# Assignment
Look through the entries below for the line with "As for wholesaling" and the line with "We want to describe", then give again exactly those two lines and all lines between them, minus the pictures.
══ Raw data ══
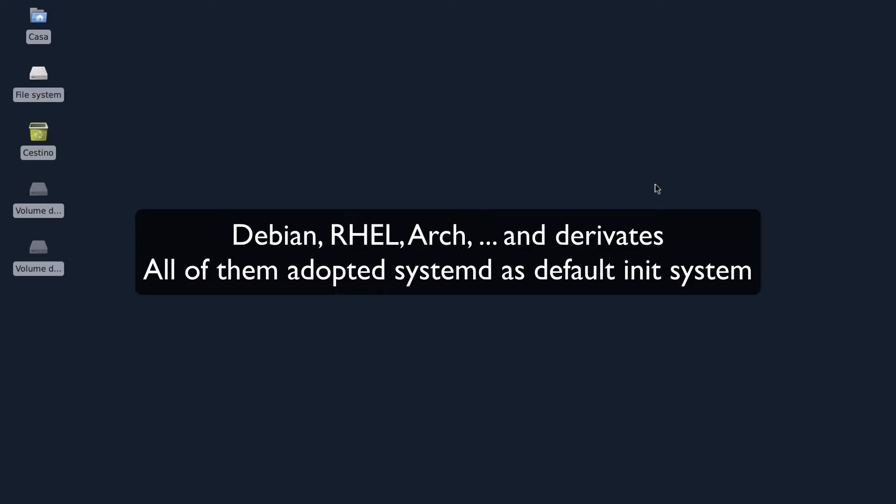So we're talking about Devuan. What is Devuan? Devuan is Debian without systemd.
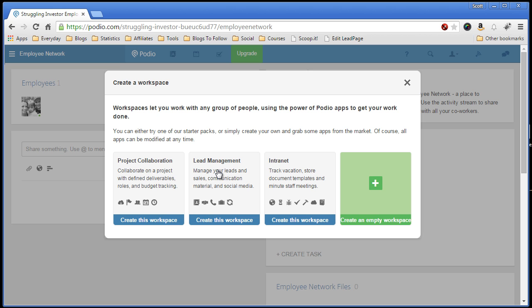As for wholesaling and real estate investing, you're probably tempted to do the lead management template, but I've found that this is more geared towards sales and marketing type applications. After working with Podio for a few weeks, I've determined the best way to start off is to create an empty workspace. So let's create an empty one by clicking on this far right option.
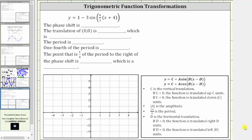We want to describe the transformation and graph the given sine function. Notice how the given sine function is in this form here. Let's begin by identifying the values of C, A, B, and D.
═══
══ Raw data ══
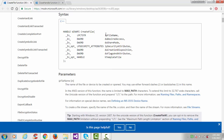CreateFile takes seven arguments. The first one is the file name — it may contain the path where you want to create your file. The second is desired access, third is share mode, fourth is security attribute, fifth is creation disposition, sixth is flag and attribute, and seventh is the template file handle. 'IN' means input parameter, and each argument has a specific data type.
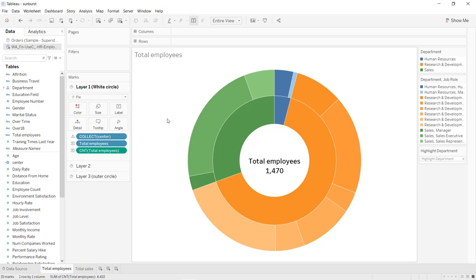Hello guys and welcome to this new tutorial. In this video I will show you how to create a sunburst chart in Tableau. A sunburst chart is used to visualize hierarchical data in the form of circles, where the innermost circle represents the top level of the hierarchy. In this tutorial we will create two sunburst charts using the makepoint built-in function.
═══
# Solution to the problem
As for wholesaling and real estate investing, you're probably tempted to do the lead management template, but I've found that this is more geared towards sales and marketing type applications. After working with Podio for a few weeks, I've determined the best way to start off is to create an empty workspace. So let's create an empty one by clicking on this far right option.
We want to describe the transformation and graph the given sine function. Notice how the given sine function is in this form here. Let's begin by identifying the values of C, A, B, and D.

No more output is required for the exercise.